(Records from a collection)
= = = = = = =
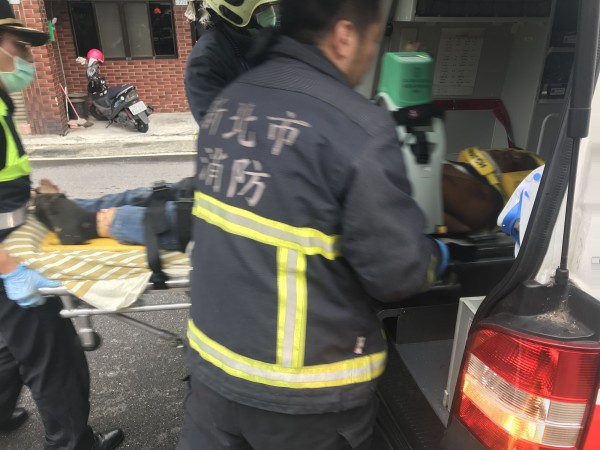 救護人員將患者搬上救護車，送醫搶救。（記者吳昇儒翻攝）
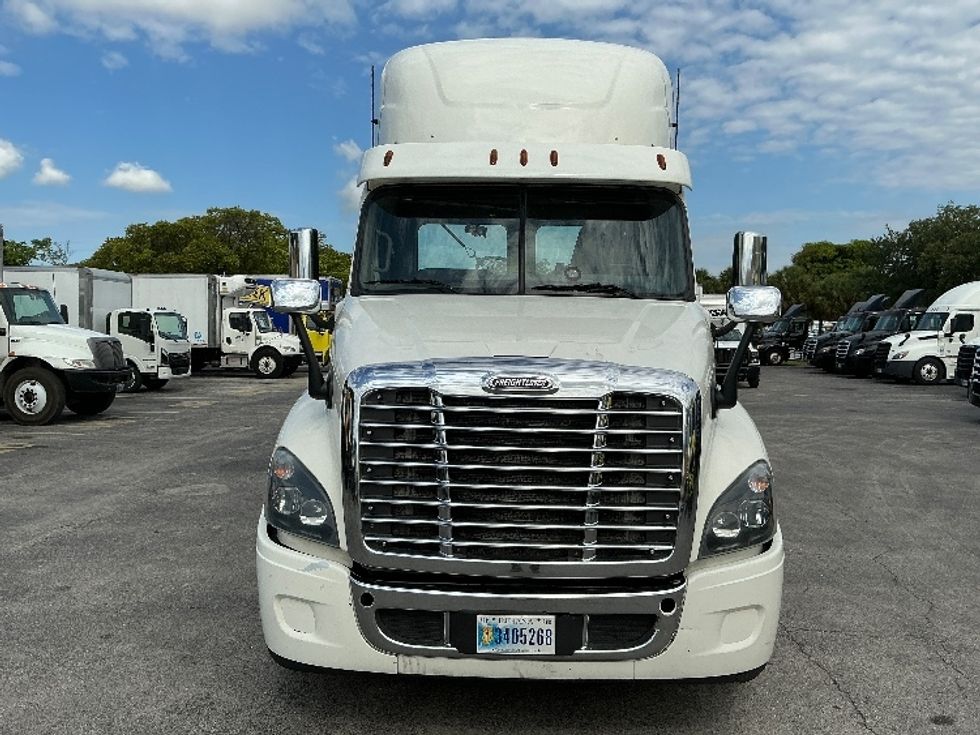 Day Cab Tractor-Heavy Duty Tractors-Freightliner-2019-Cascadia 12564ST-Medley-FL-663,672\n\t\tmiles-$ 22,250 - Image 2
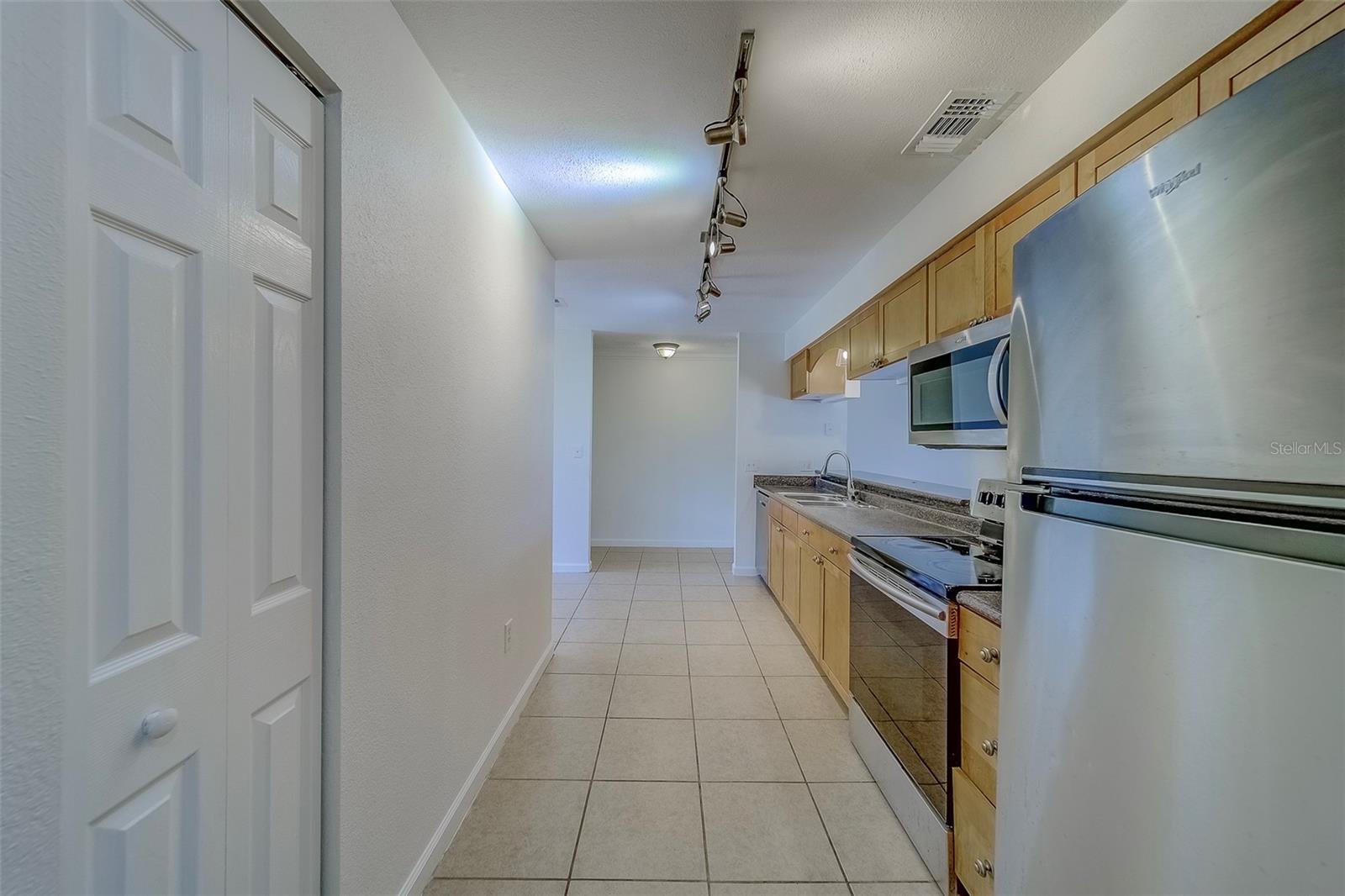 10195 SAILWINDS BLVD N #202, LARGO, FL, 33773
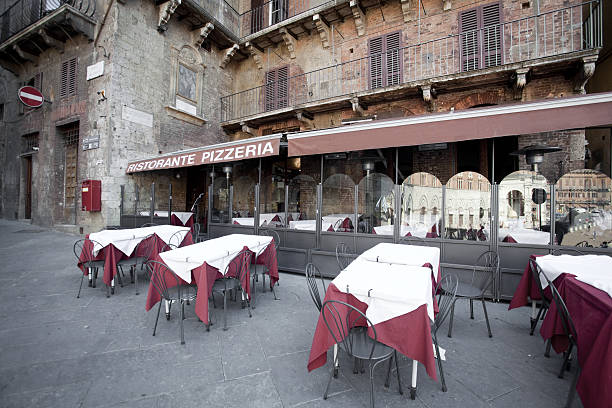 istock Italian restaurant and pizzeria 184622899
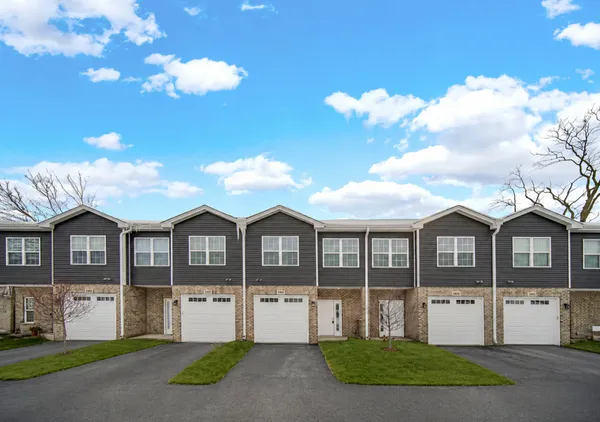 $335,000 | 5414 135th Street, Crestwood, IL 60418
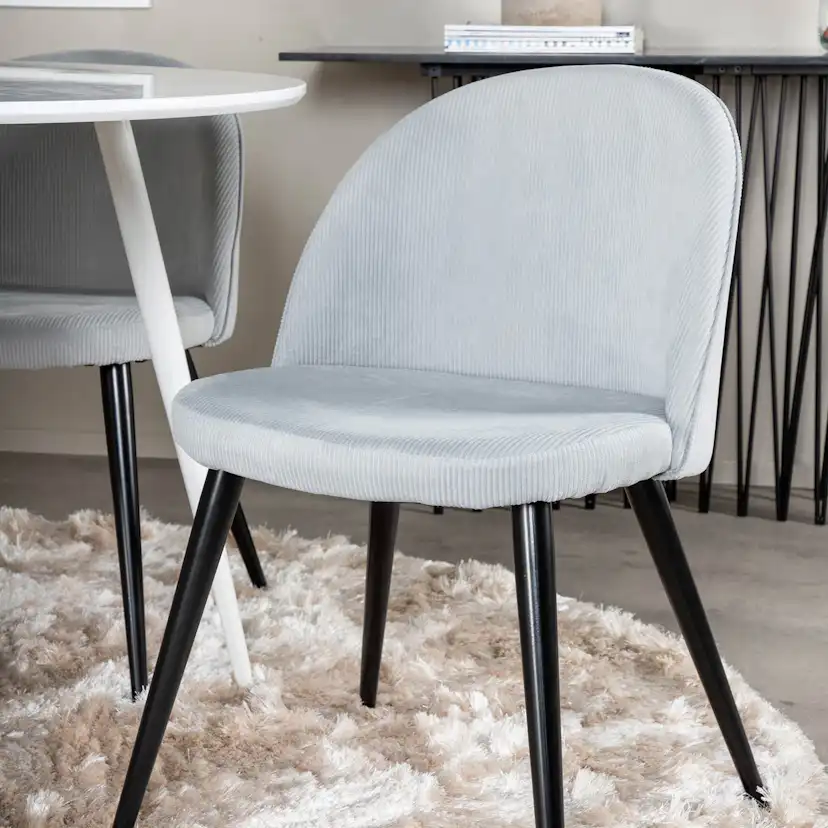 Matgrupp Venture Home Plake med 4 Valentina Stolar Manchester Runt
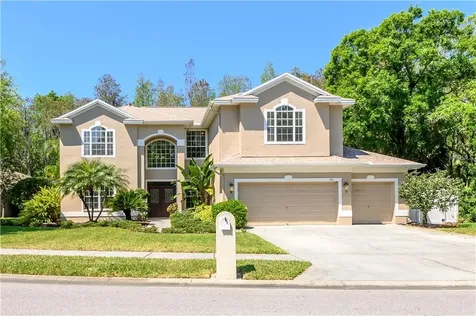 581 Lakewood Drive Oldsmar FL 34677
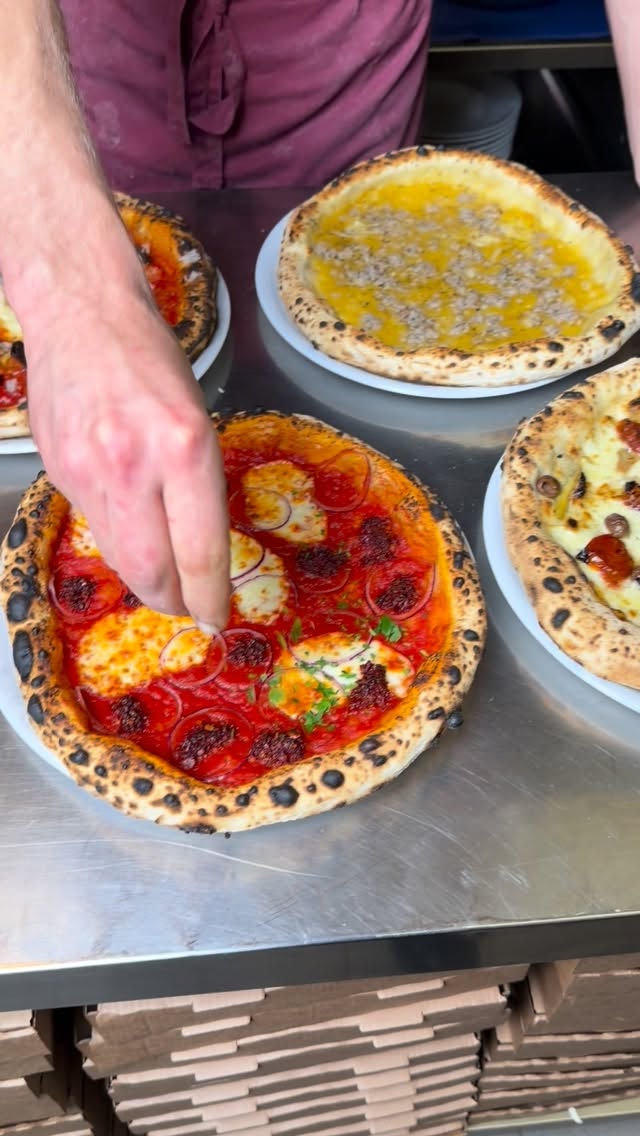 Thursdays lunch special: ‘Nduja (spicy, spreadable salami from Calabria), red onion, local mozzarella, tomato sauce, parsley 🌶️
€13,5
🕛 12:00-16:00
= = = = = = =
**What this task involves**
Drop the pictures and reproduce the rest of the data above exactly.

**Solution to this problem**
 救護人員將患者搬上救護車，送醫搶救。（記者吳昇儒翻攝）
 Day Cab Tractor-Heavy Duty Tractors-Freightliner-2019-Cascadia 12564ST-Medley-FL-663,672\n\t\tmiles-$ 22,250 - Image 2
 10195 SAILWINDS BLVD N #202, LARGO, FL, 33773
 istock Italian restaurant and pizzeria 184622899
 $335,000 | 5414 135th Street, Crestwood, IL 60418
 Matgrupp Venture Home Plake med 4 Valentina Stolar Manchester Runt
 581 Lakewood Drive Oldsmar FL 34677
 Thursdays lunch special: ‘Nduja (spicy, spreadable salami from Calabria), red onion, local mozzarella, tomato sauce, parsley 🌶️
€13,5
🕛 12:00-16:00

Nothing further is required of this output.